Find the line that contains "The real question" in the records below, then repeat exactly that line and each one after it, leaving pictures out.

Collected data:
-=-=-=-=-
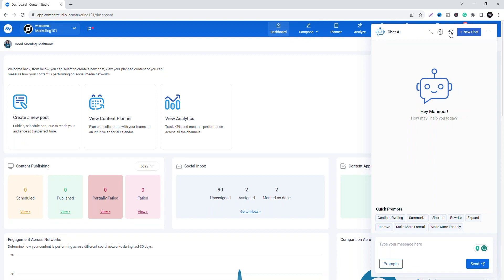Go try it now and create the best content with Content Studio's Chat AI Assistant.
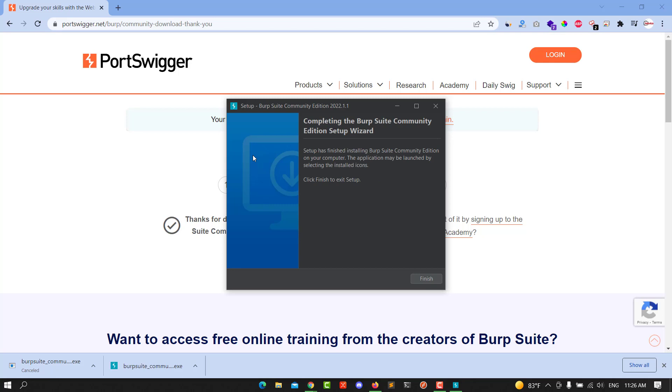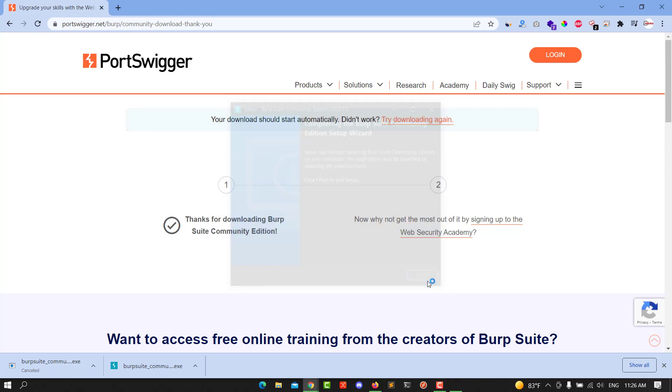You see, we have successfully installed the Burp Suite. That's the video for today. I hope this helps you, and don't forget to subscribe to my channel to see new stuff. See you next time guys, bye-bye.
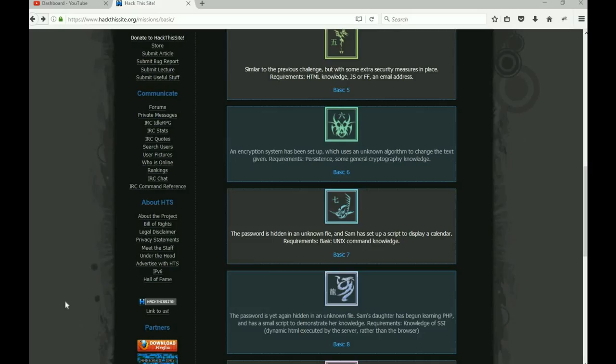All right, welcome back everybody. This is Malik and we're going to get into the Hack This Site dot org Basic Mission number eight. Again, if you like these videos, if these videos are helping you out, please give it a thumbs up and subscribe to the channel.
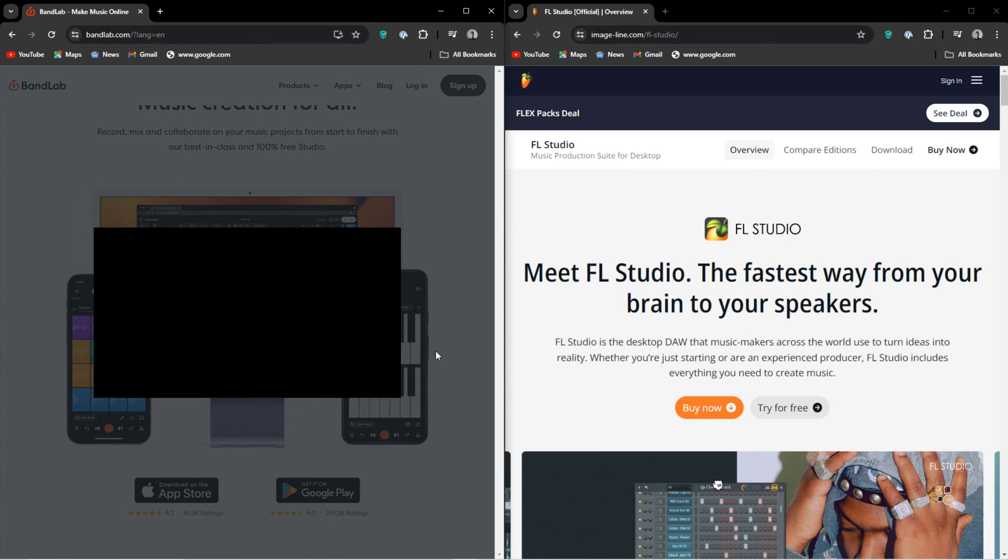The real question in my mind is where exactly does BandLab actually fit in the current music creation environment?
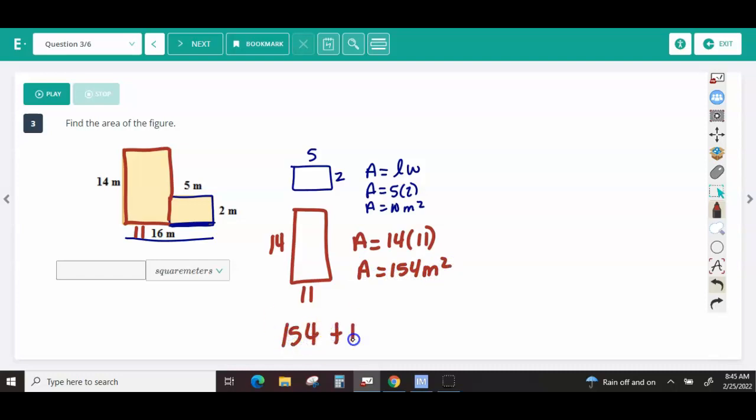Rectangles are easy — all I have to do is add those two numbers together: 10 plus 154 is 164 square meters.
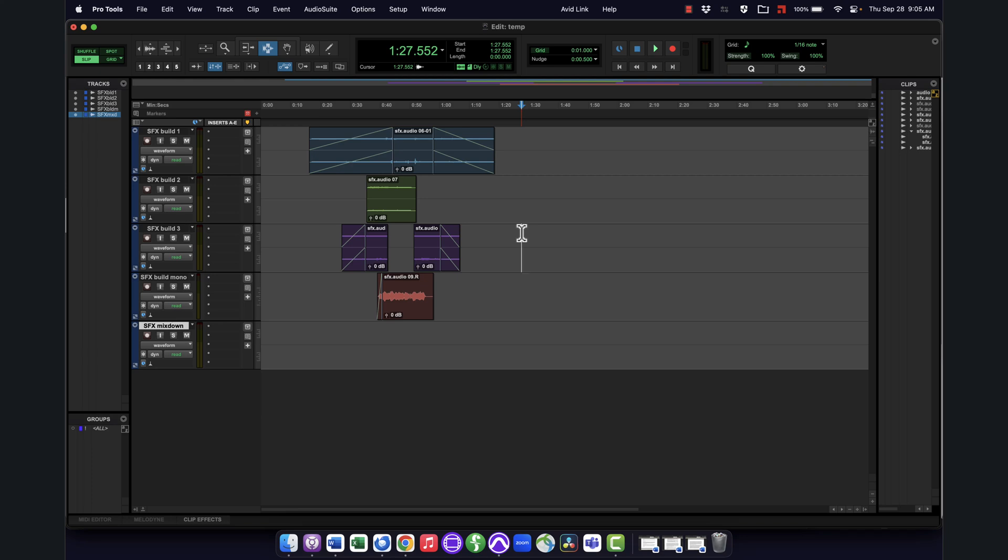Hey everybody, I quickly want to show you how to get a sound effect you may have built in Pro Tools mixed down. So if you have something that you've built out of several layers and you want to combine it into a single file, a single sound, how you would do that. So I'll show you two different ways.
-=-=-=-=-
§ **RESPONSE AREA**
The real question in my mind is where exactly does BandLab actually fit in the current music creation environment?
Rectangles are easy — all I have to do is add those two numbers together: 10 plus 154 is 164 square meters.
Hey everybody, I quickly want to show you how to get a sound effect you may have built in Pro Tools mixed down. So if you have something that you've built out of several layers and you want to combine it into a single file, a single sound, how you would do that. So I'll show you two different ways.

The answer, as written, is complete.